Airbrushed from Art History (12)

The final circle of artistic influence found in the French Catholic Revival was that which formed around the Dominicans, Maire-Alain Couturier and Pie-Raymond Régamey. Thomas F. O'Meara has described this circle of influence well in ‘Modern Art and the Sacred’, an article for Spirituality Today:

“Born in the Loire on November 15, 1897, the young Couturier was mobilized for the First World War and wounded on the front. By 1919 he was studying painting in Paris with a group centered around Maurice Denis and then worked for the next five years in various churches in the media of fresco and stained glass. During the early 1920s he toured Italy, read Paul Claudel, discovered Matisse, Picasso and Le Corbusier, met Jean Cocteau at the house of the Maritains, and worked for Action Française. His interior odyssey, however, moved within not only art but within Christianity, drawing him to religious life, first as a Benedictine oblate and then as a Dominican, receiving the habit in 1925. He speaks of "that day in 1925 when freedom entered into my life, having the face of love."

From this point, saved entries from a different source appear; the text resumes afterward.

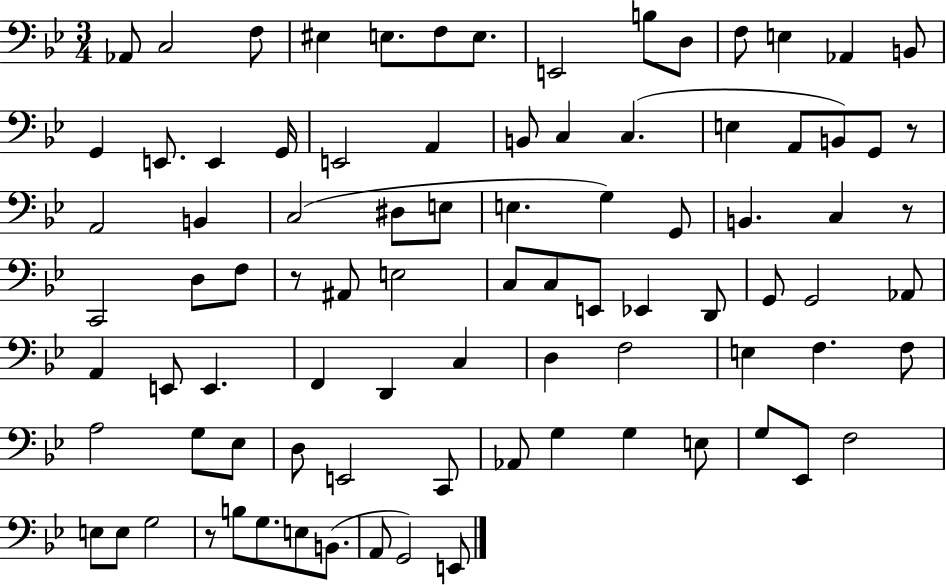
X:1
T:Untitled
M:3/4
L:1/4
K:Bb
_A,,/2 C,2 F,/2 ^E, E,/2 F,/2 E,/2 E,,2 B,/2 D,/2 F,/2 E, _A,, B,,/2 G,, E,,/2 E,, G,,/4 E,,2 A,, B,,/2 C, C, E, A,,/2 B,,/2 G,,/2 z/2 A,,2 B,, C,2 ^D,/2 E,/2 E, G, G,,/2 B,, C, z/2 C,,2 D,/2 F,/2 z/2 ^A,,/2 E,2 C,/2 C,/2 E,,/2 _E,, D,,/2 G,,/2 G,,2 _A,,/2 A,, E,,/2 E,, F,, D,, C, D, F,2 E, F, F,/2 A,2 G,/2 _E,/2 D,/2 E,,2 C,,/2 _A,,/2 G, G, E,/2 G,/2 _E,,/2 F,2 E,/2 E,/2 G,2 z/2 B,/2 G,/2 E,/2 B,,/2 A,,/2 G,,2 E,,/2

In the years immediately before and after his ordination, Couturier's superiors, far from discouraging his art, offered some commissions: a novitiate chapel, the chapel of the Dominicans at Oslo, frescoes for the private chapel in Santa Sabina (Rome) of the Master General in 1932. Assigned to a priory in Paris, even while working on churches and windows up through 1937, Couturier assumed a widening ministry of preaching and spiritual direction. Simone Weil wrote her Letter to a Religious to the Dominican at the suggestion of Maritain in 1942 when both Weil and Couturier were in the United States.”

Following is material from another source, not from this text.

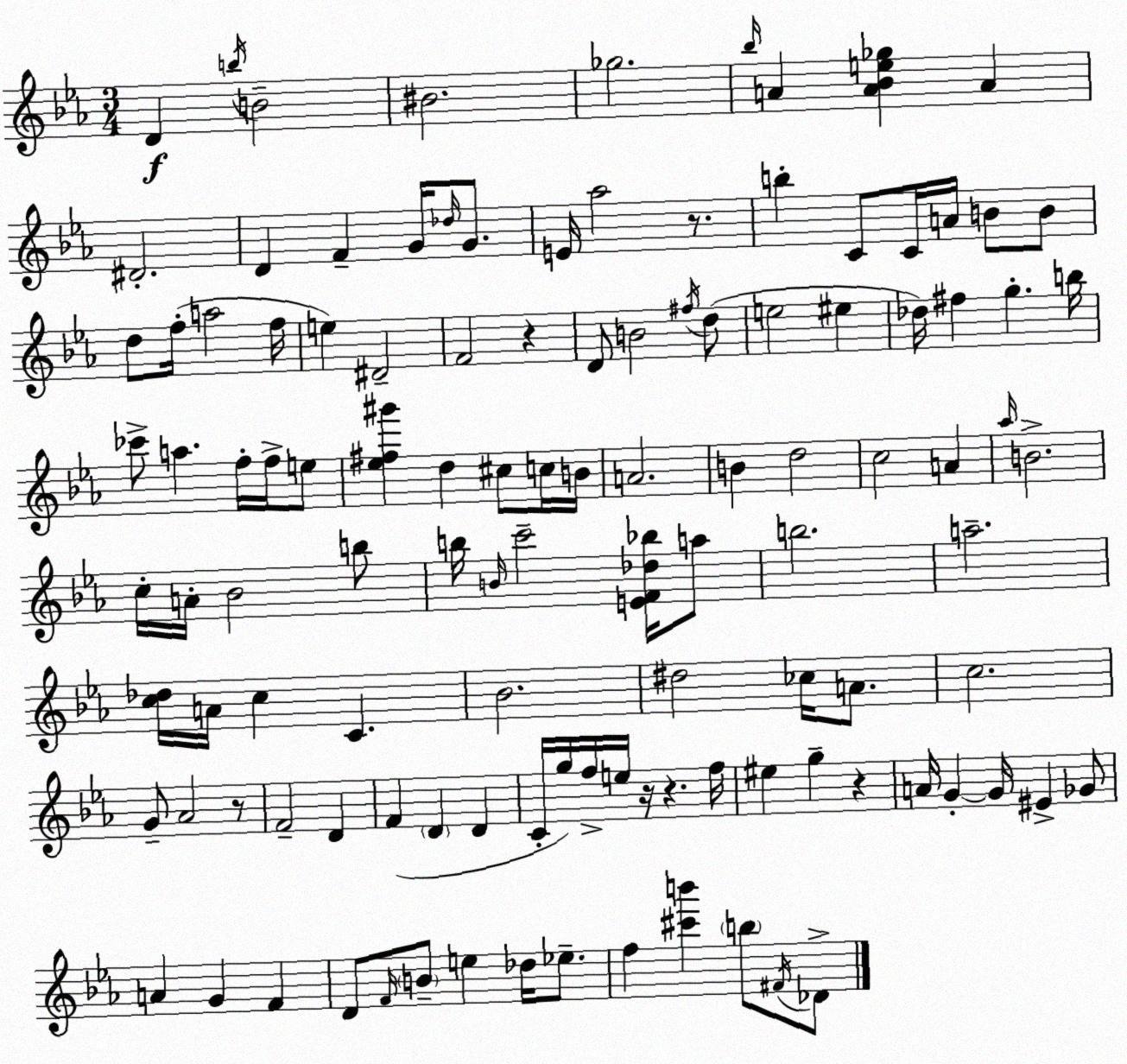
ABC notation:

“Even at the end of the nineteenth century, with the work of Cézanne and Monet scarcely absorbed, young artists pondered the sad, derivative state of religious art. Joseph Pichard's L'Art sacré moderne chronicles the new atmosphere which emerged from 1890 to 1914, and which was then taken up again after World War 1, fostering the first attempts at a modern church architecture in Europe. Pichard himself helped to found conferences and then a periodical which was to exercise particular influence. Within eighteen months of its inception, however, the journal L'Art sacré was taken over by the publishing house of Cerf which confided its direction to Régamey and Couturier.”

“Régamey writes: “From the time of his training at the Ateliers d'Art Sacré under Denis and Desvallières, Pere Couturier's greatest ambition was to revive Christian art by appealing to the independent masters of his time. He discussed the project many times between 1932 and 1935 with the Abbé Devémy who was chaplain at the sanatorium in Assy, opposite Mont Blanc. In 1936, his friend Jean Hébert-Stevens, who worked in glass spoke about the project to Bonnard, who was very interested; at this time, however, no opportunity came to make the idea materialize. In 1938, Hébert-Stevens suggested to Couturier that he speak to Braque about the idea.

In 1936 Abbe Devémy thought of commissioning artists who were not "third-rate" for a church in an area near the Alps to serve sanatorium patients. In 1939 Couturier stopped to visit his friend and was asked to collaborate in planning "Our Lady of All Graces." The project began by acquiring a window designed by Rouault. The war years intervened, with meetings with Maurois, Focillon, Dali, Stravinsky, and conversations with Léger and Chagall on the prospect of collaboration at Assy.”

“Early in 1940 the French Dominican arrived in New York to preach a series of Lenten Conferences in French at St. Vincent de Paul, and then to visit Canada. The war trapped him in North America: lecturing in Canada, meeting artists such as Salvador Dali, painting a Way of the Cross for the Dominican Sisters of Elkins Park, serving as chaplain to French pilots in Jacksonville, Florida.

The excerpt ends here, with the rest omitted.